CMStatistics 2022: Start Registration
View Submission - CMStatistics
B1828
Title: Unsupervised tree boosting for learning probability distributions Authors:  Naoki Awaya - Stanford University (United States)
Li Ma - Duke University (United States) [presenting]
Abstract: An unsupervised tree boosting algorithm is proposed for inferring the underlying sampling distribution of an i.i.d. sample based on fitting additive tree ensembles in a fashion analogous to supervised tree boosting. Integral to the algorithm is a new notion of ``addition'' on probability distributions that leads to a coherent notion of ``residualization'', i.e., subtracting a probability distribution from an observation to remove the distributional structure from the sampling distribution of the latter.

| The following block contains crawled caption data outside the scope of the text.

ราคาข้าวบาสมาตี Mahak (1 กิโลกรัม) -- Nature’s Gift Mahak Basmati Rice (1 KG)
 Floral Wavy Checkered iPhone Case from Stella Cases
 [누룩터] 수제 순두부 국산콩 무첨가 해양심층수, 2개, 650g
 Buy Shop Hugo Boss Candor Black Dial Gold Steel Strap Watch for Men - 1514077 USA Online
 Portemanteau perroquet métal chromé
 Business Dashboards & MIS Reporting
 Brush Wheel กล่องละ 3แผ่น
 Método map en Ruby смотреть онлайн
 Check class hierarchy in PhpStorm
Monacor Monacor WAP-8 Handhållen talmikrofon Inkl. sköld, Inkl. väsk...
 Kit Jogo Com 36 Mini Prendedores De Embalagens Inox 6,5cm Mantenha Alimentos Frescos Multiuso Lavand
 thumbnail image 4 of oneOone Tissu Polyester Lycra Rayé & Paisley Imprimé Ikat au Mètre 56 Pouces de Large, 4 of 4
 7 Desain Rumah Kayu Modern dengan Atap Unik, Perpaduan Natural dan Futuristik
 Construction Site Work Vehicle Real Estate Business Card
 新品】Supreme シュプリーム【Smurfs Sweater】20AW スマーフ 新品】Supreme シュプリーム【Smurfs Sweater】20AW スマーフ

We show that these notions arise naturally for univariate distributions through cumulative distribution function (CDF) transforms and compositions due to several "group-like" properties of univariate CDFs. While the traditional multivariate CDF does not preserve these properties, a new definition of multivariate CDF can restore these properties, thereby allowing the notions of ``addition'' and ``residualization'' to be formulated for multivariate settings as well. This then gives rise to the unsupervised boosting algorithm based on forward-stagewise fitting of an additive tree ensemble, which sequentially reduces the Kullback-Leibler divergence from the truth. The algorithm allows the analytic evaluation of the fitted density and outputs a generative model that can be readily sampled from. We enhance the algorithm with scale-dependent shrinkage and a two-stage strategy that separately fits the marginals and the copula.